Gender diversity is ook geen onderwerp dat zich vanuit een paragraaf van een regeerakkoord laat regelen, evenmin per decreet of bij wet. En over quota wil ik zeggen dat die hooguit een symbolische waarde hebben. In de praktijk leiden ze al te vaak tot wringing, gesjoemel en diskwalificatie. Vooruitgang is echter wel te boeken door een verhoging van het bewustzijn en het aanpassen van gedrag in het maatschappelijk verkeer.
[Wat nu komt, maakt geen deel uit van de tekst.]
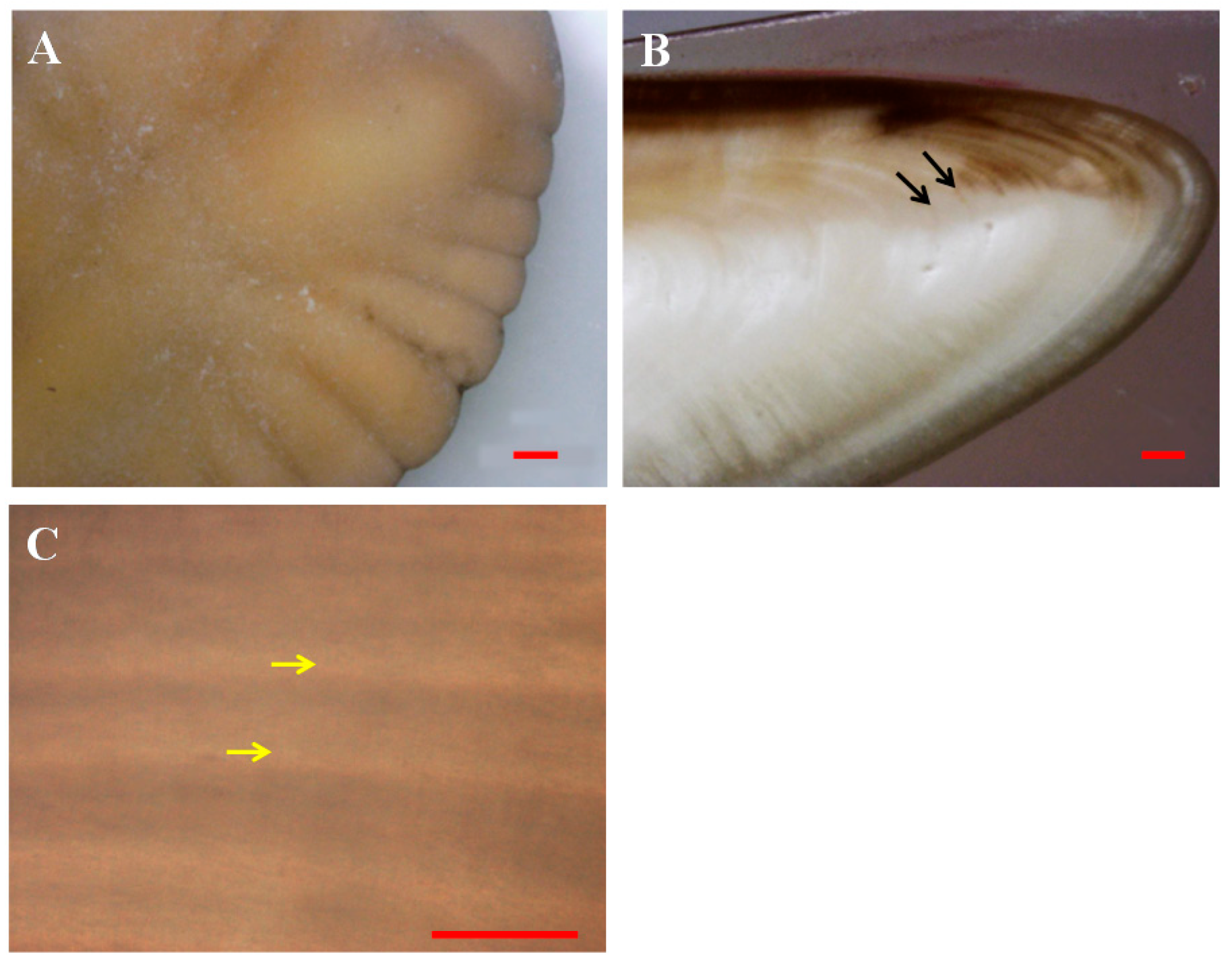 Crystals 10 00820 g006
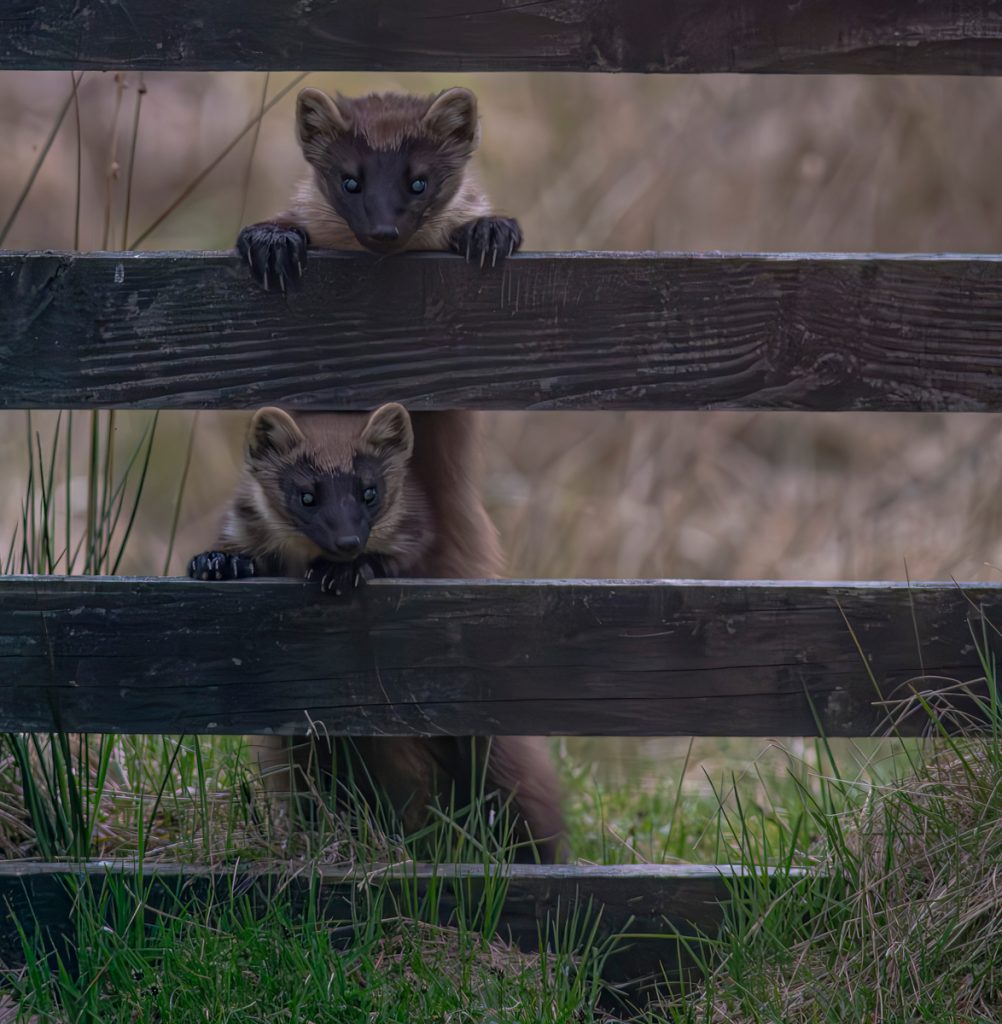 , November 2025 Highly Commended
Mannen die nu op topposities zitten, moeten zich er nog meer van bewust worden dat diversiteit echt werkt en dat het een nuttig en noodzakelijk onderdeel is van de transformatieslag die sowieso moet worden gemaakt. Ook de positie die vrouwen daarbij zelf willen innemen is van belang. Hoe gedragen zij zich in deze, welke beslissingen nemen zij voor henzelf en voor de samenleving.
En laten we inderdaad niet vergeten dat waar verandering zich aanmeldt, de zittende macht zijn positie doorgaans niet zonder strijd laat wijzigen. Gender diversity zal – gelijk de gehele transformatie waar het een onderdeel van is – tijd kosten, geduld en doorzettingsvermogen.’